• J Pediatr Orthop · Nov 1990

    Case Reports

    Simultaneous correction of pelvic obliquity, frontal plane, and sagittal plane deformities in neuromuscular scoliosis using a unit rod with segmental sublaminar wires: a preliminary report.

    • W J Maloney, L A Rinsky, and J G Gamble.
    • Division of Orthopaedic Surgery, Stanford University School of Medicine, Palo Alto, California.
    • J Pediatr Orthop. 1990 Nov 1; 10 (6): 742-9.

    AbstractTen patients with neuromuscular scoliosis and pelvic obliquity had segmental spinal instrumentation using a unit Luque rod with sublaminar wires and fixation into the pelvis.
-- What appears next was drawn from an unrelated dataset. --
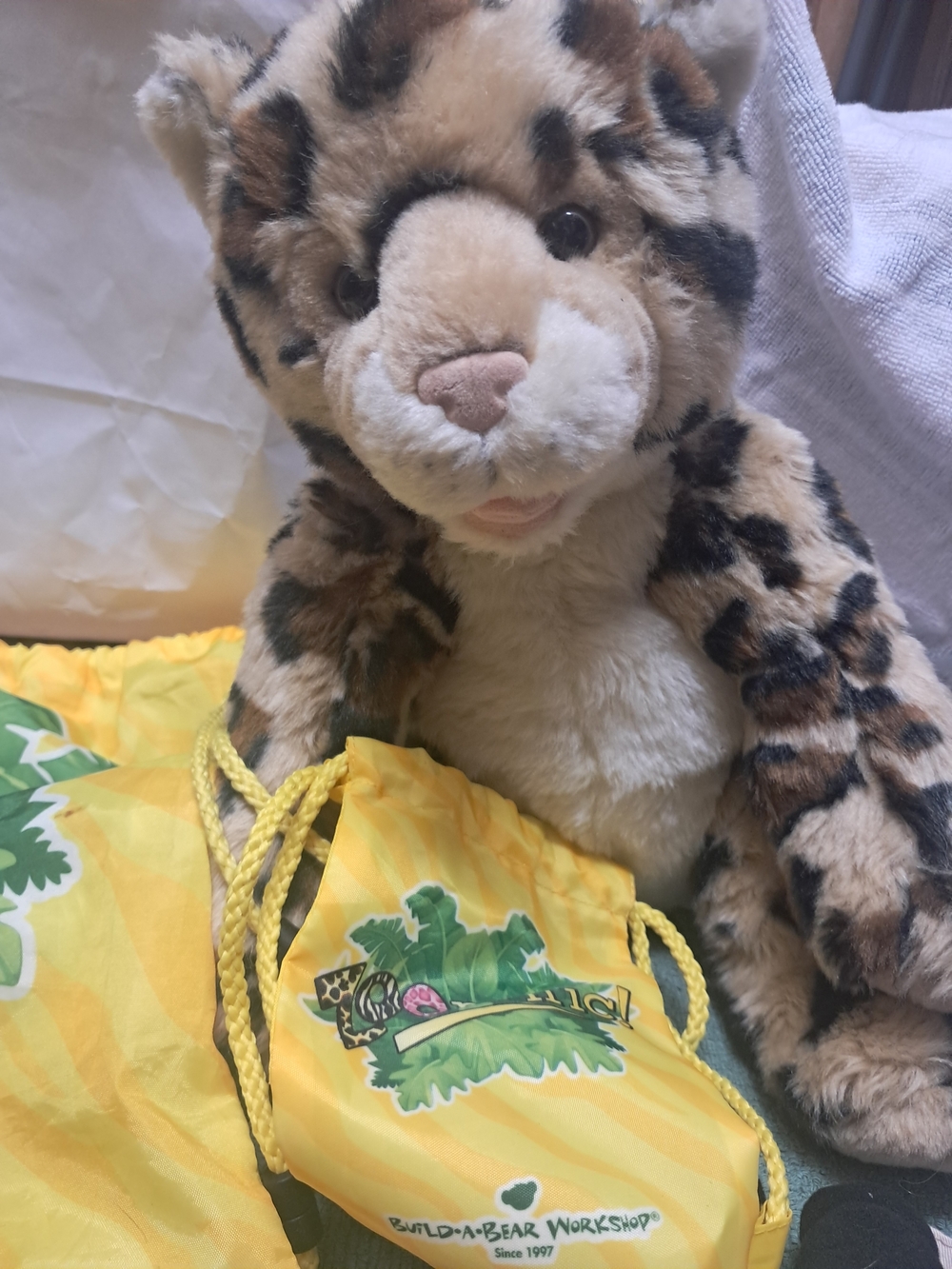 Build-A-Bear Tan and Black Leopard Print Plush with Logo Tag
Nine of the 10 patients also had anterior spinal fusion without instrumentation before the posterior procedure. Average preoperative pelvic obliquity was 42 degrees which was corrected to 6 degrees (82% correction). Average preoperative scoliosis was 92 degrees, which was corrected to 16 degrees (81% correction). Complications included a wound hematoma in one patient and a superficial wound dehiscence in another. There have been no pseudarthroses or hardware failures to date. Excellent correction of the pelvic obliquity and the spinal curve in neuromuscular scoliosis can be obtained with use of a unit rod and without use of anterior instrumentation.